Este e outros casos igualmente polémicos, envolvendo personalidades ou não, podem fazer-nos pensar até que ponto podem imagens ou vídeos ser vastamente partilhados, mesmo sem consentimento.

Atentemos no que diz a lei: no que se refere ao direito à imagem, o Código Civil português dita que o retrato de uma pessoa não pode ser exposto, reproduzido ou comercializado sem o consentimento desta ou dos seus legítimos herdeiros, em caso de morte daquela. Contudo, não é necessário consentimento quando se trate de pessoas que tenham notoriedade, exerçam cargos públicos ou se se tratar de exigências de polícia ou de justiça, finalidades científicas, didáticas ou culturais. Ou ainda quando a reprodução da imagem ocorrer em lugares públicos, se tratar de factos de interesse público ou que hajam decorrido publicamente. Finalmente, a imagem não pode ser reproduzida, exposta ou comercializada se do facto resultar prejuízo para a honra, reputação ou simples decoro da pessoa retratada.

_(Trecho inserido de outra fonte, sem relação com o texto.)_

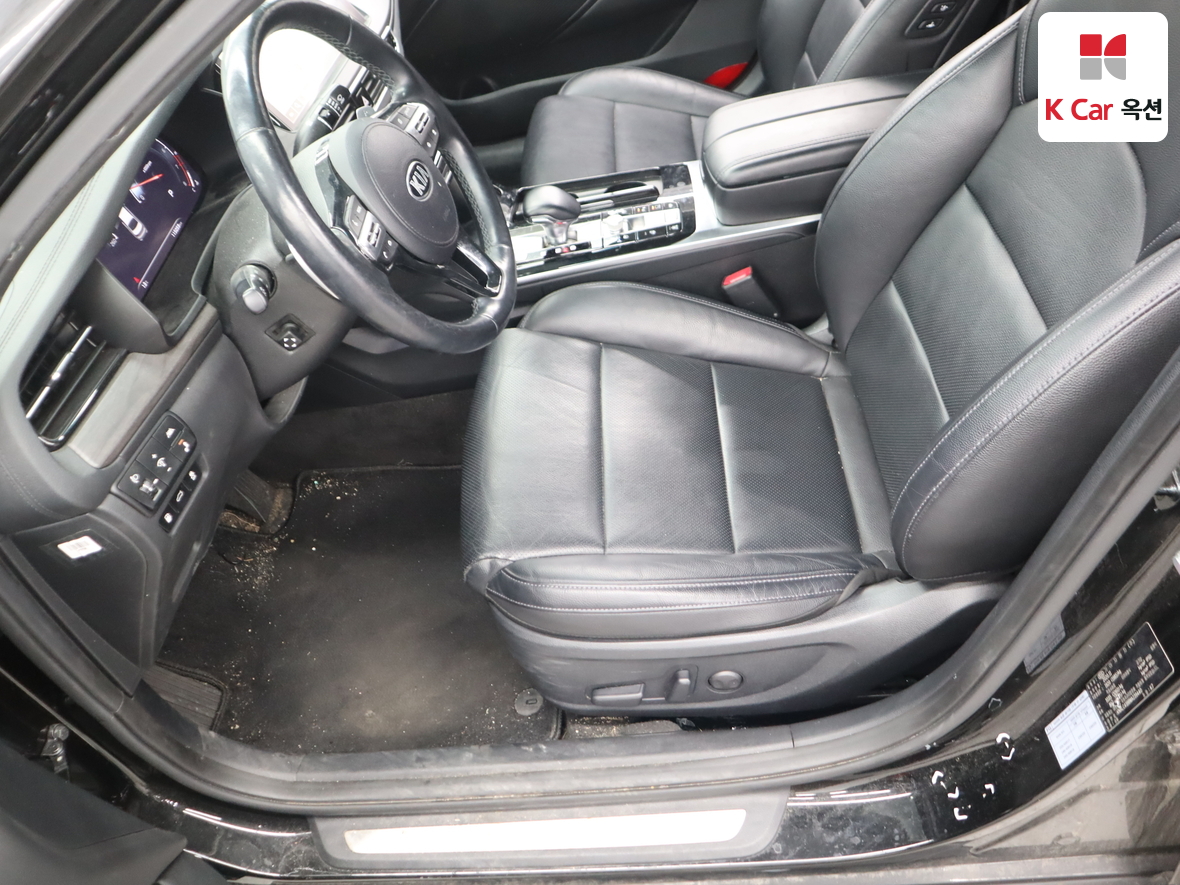 Kia K7 2021 - Image 18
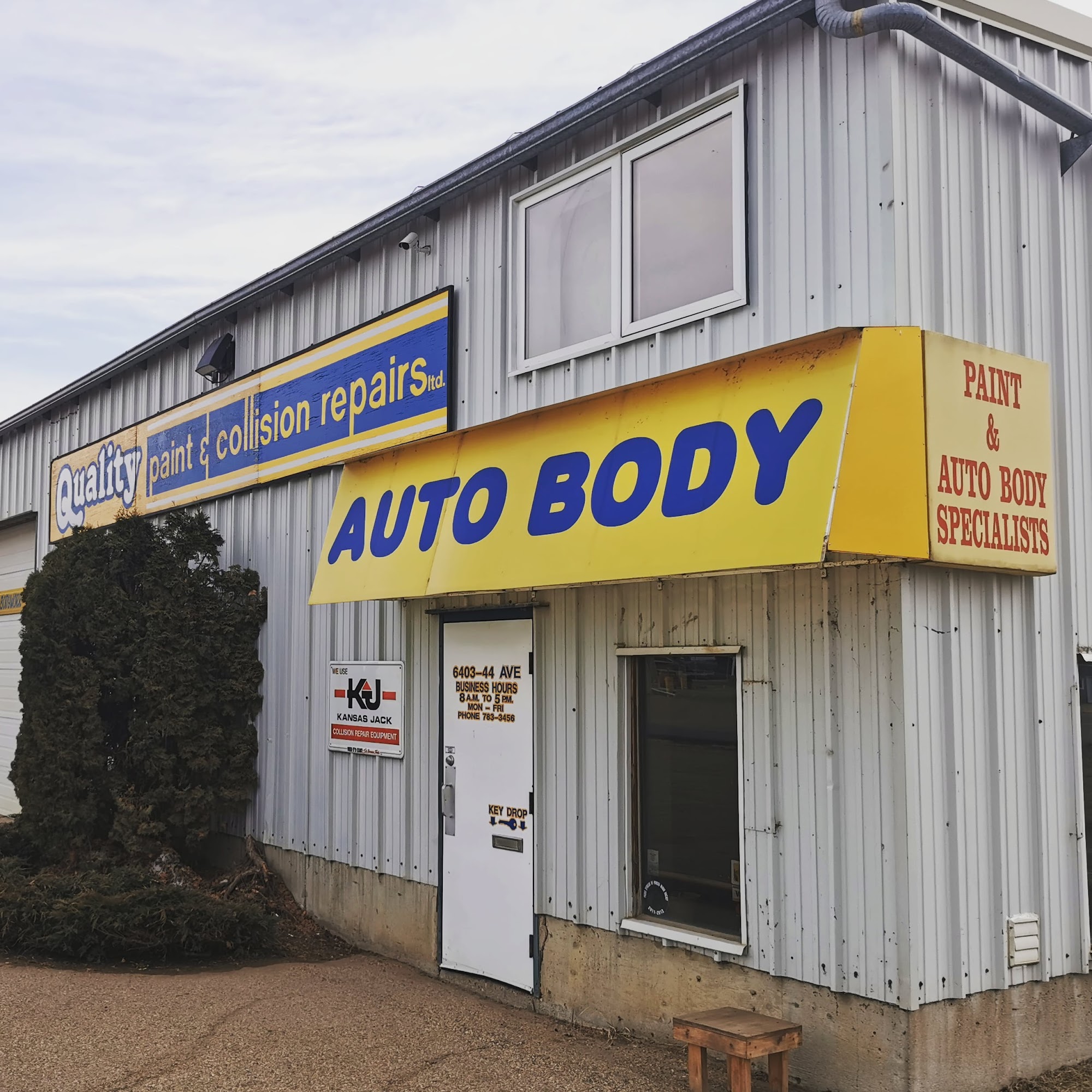 Quality Paint & Collision (2021) Ltd 6403 44 Ave, Ponoka Alberta T4J 1J8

Contudo, qualquer pessoa pode difundir, publicar ou reproduzir a sua própria imagem, quer seja para fins comerciais ou não. Pode, também, ceder a sua imagem a terceiros para proveito económico, com o objetivo de exploração comercial. Este tipo de cedência acontece com famosos, nomeadamente modelos, atores e outros que podem assinar contratos de exclusividade.

Ainda, é possível impedir que outras pessoas utilizem a nossa imagem: o Código Penal defende a proteção dos bens jurídicos de personalidade, nomeadamente através da reserva da intimidade da vida privada e da imagem. Segundo a Constituição da República Portuguesa, com as mesmas exceções atrás apontadas, sem consentimento, não se pode gravar áudios, tirar fotografias ou fazer vídeos das pessoas.

Então, na esfera privada, secreta e íntima, as imagens nunca são acessíveis sem autorização, ainda que se trate de pessoas com visibilidade ou mesmo detentoras de cargos públicos. Já na esfera pública e social (como acontece com as publicações nas redes sociais), as imagens podem ser utilizadas, desde que não seja para fins comerciais, como por exemplo publicitários. Portanto, não é lícita a comercialização da imagem de alguém sem o seu consentimento, mesmo que se trate de uma figura pública ou a pessoa esteja num espaço público.

Infelizmente, com a Internet, estamos cada vez mais vulneráveis, na medida em que, a qualquer momento, com um smartphone, por exemplo, qualquer pessoa pode registar, sem consentimento, imagens, vídeos ou áudios, difundindo-os sem qualquer pudor, o que pode configurar uma violação da privacidade e do direito à imagem.

Também os avanços tecnológicos, como a Inteligência Artificial, vieram piorar o cenário, na medida em que possibilitam maiores deturpações sem consentimento e originam desinformação.